Dies kostet alles sehr viel Zeit und Gelegenheit und am Ende sucht man noch länger nach den Störquellen als ohne Darks. Deshalb habe ich mich schon vor Jahren für das Dithern entschieden. Dabei wird die Montierung nach jedem Bild ein paar Pixel bewegt und so wandert das Astronomische Objekt auf den Bildern umher und die cold-/hotpixel sind stets an anderen Stellen in Bezug zu den astronomischen Objekten. Die defekten Pixel wandern ja nicht, sondern sind immer an der gleichen Bildposition. Wenn nun die Bilder addiert werden, verschiebt und dreht das Stacking Programm die einzelnen Bilder so, dass die Sterne genau überlagert werden. Mit der Stacking Methode „Kappa-Sigma“ werden dabei alle Störpixel, die nur auf einem Bild zu sehen sind, automatisch retuschiert. Das gilt auch für Flugzeugspuren, Satelliten und Weltraumschrott. Lediglich die Bildanzahl bestimmt, wie gut es funktioniert. Um ein brauchbares Ergebnis zu erzielen, sollten es schon 5-10 Einzelbilder sein.

Master Bias einer EOS1000D aufgehellt

Master Bias einer EOS1000D aufgehellt

Master Dark bei 20Grad 800ASA EOS1000D

Master Dark bei 20Grad 800ASA EOS1000D

Nach einigen Testreihen konnte ich nun auch bestätigen, was ich schon vermutete: wer dithert, kann meistens auch auf Bias und Flats verzichten. Denn bei Bias werden Störpixel eingefangen, die von dem Verstärker der Kamera kommen und diese wandern auch nicht umher, sondern sind stets an gleicher Stelle. Natürlich werden diese Störungen des Verstärkers durch das Dithern beim Addieren verrechnet.

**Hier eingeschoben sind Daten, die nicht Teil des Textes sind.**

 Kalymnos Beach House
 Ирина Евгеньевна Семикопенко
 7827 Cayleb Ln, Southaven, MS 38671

Extremes Verstärker-Glühen in einer Ecke des Bildes, wie es bei DSRL-Kameras vorkommt, könnte allerdings die Verrechnungsmethode von „Kappa-Sigma“ bei der Addition überfordern. Das Problem hatte ich allerdings bis heute noch nie. Sollten Sie also eine deutliche Aufhellung in einer Ecke des fertig addierten Bildes bemerken, so kann hier sicher die Verwendung von Bias helfen. Bei allen kleineren Bildfehlern wird das Dithern sicher das Erstellen von Bias ersetzen.

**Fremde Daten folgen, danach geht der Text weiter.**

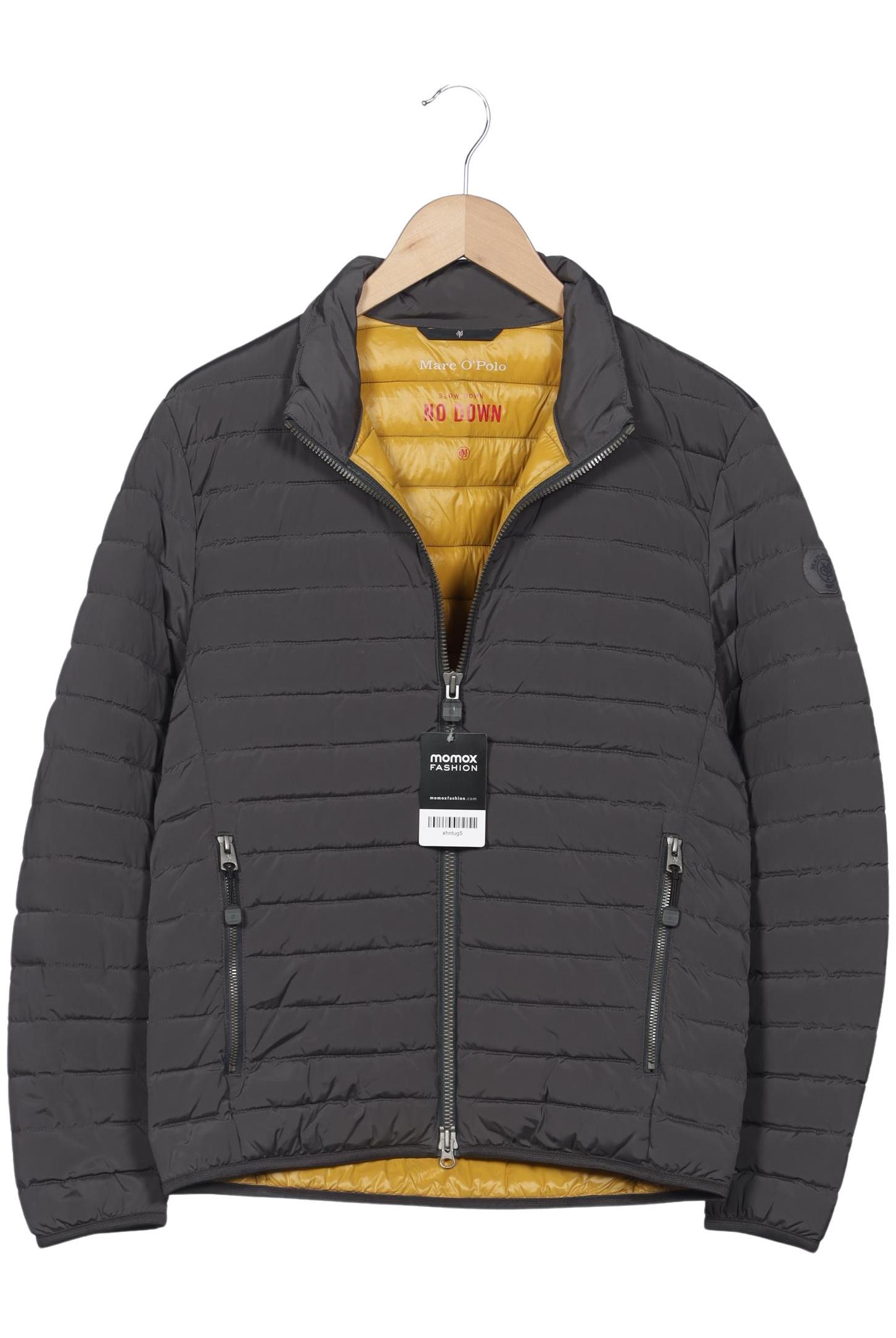 

Marc O Polo Herren Jacke, grau, Gr. 46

Ähnlich verhält es sich auch mit den Flats. Ein Flat beinhaltet ja nur statische Bildfehler wie Staub oder Abschattungen, welche sich im Verhältnis zum Bildrand nicht bewegen. Diese wurden bei meinen Bildern zu 100% verrechnet und ich verzichte deshalb nun auch auf das aufwendige Erzeugen von Flats. Allerdings möchte ich nicht ausschließen, dass es bei anderen Ausrüstungen oder starken Verschmutzungen nahe der Chipebene durchaus nötig sein kann, ein Masterflat zu erstellen und von jedem Light zu dividieren. Darüber hinaus sollte man auch wissen, dass ein Masterflat dabei helfen kann, sehr schwache Strukturen deutlicher hervor zu heben, da durch die Division des Masterflats die Helligkeit der Lights genauer kalibriert wird. Dies kann insbesondere bei kurz belichteten Bildern oder hoher Luftfeuchtigkeit helfen, noch ein paar Details aus den Bildern zu locken.

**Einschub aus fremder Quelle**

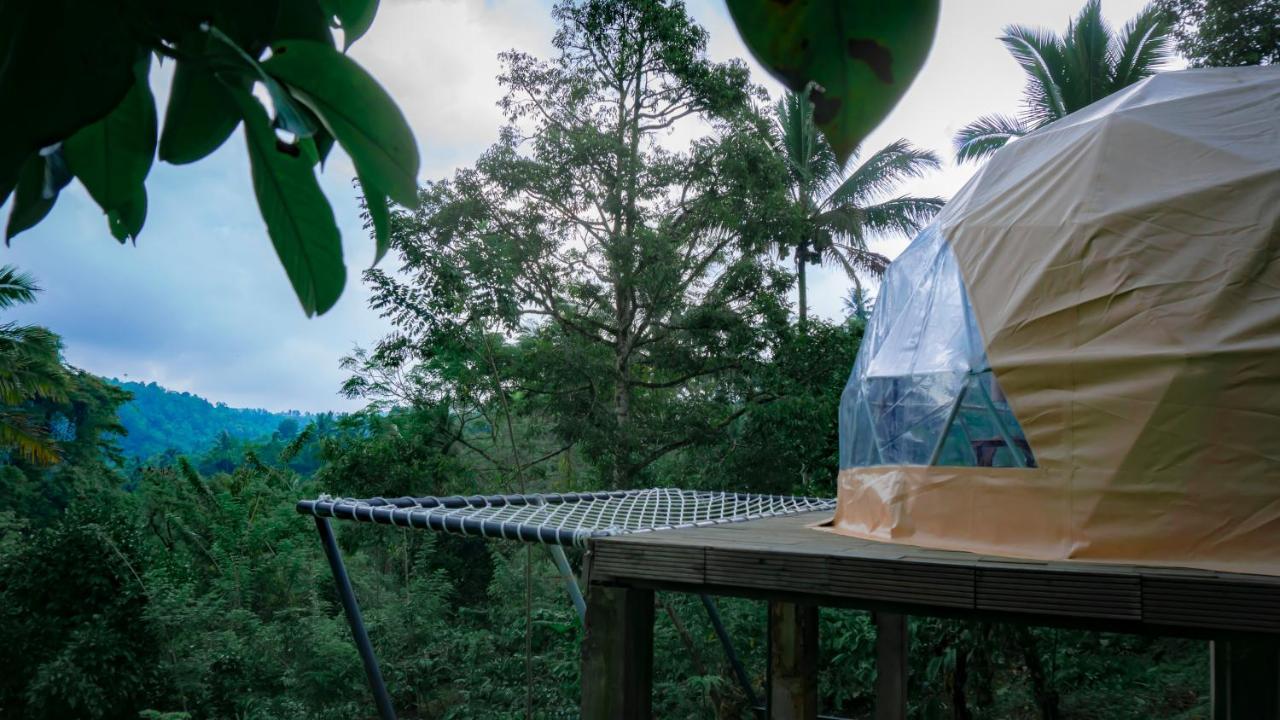 Bali Jungle By Amerta Experience Vakantiepark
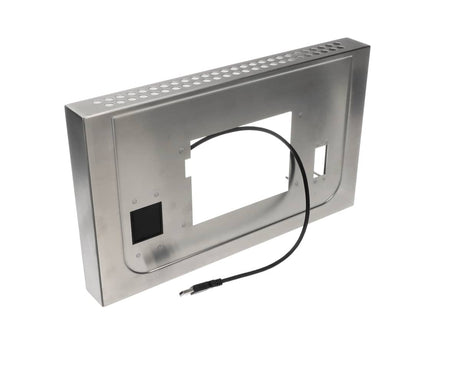 MERRYCHEF PARTS Merrychef SB2104 E2S V2 Cntrl Pnl Classic Stainless - SKU MCHFSB2104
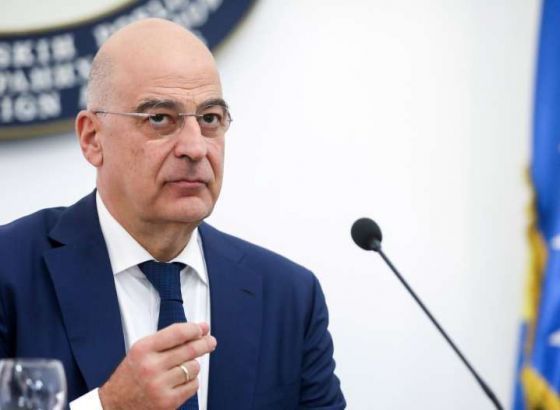 Dendias: Principijelno se protivimo bilo kakvim promjenama granica u regiji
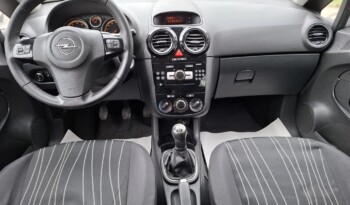 
									OPEL CORSA 1.2 COSMO 2010 EURO 5 full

Flats sind auch dann empfehlenswert, wenn Aufhellungen im Bildfeld auftreten (z.B. durch Fokalreduzierer / Flattener oder ähnliches). Sie sind jedoch deutlich schwerer zu erstellen, als ein Dark. Hier muss also jeder abwägen, ob er sie einsetzt, oder lieber verzichtet.

Fazit:

Wer mit der Bildverschiebungsmethode Dithern arbeitet, kann meistens auf Darks, Bias und Flats verzichten. Nur bei extremen Abschottungen, Verschmutzungen in Chipebene oder Verstärkerglühen sollte man Flats und Bias verwenden, um das Beste aus seinen Bildern heraus zu holen.

Ich hoffe, hiermit etwas Licht in diese Thematik zu bringen und dem einen oder anderen zu noch besseren Astrofotos zu verhelfen.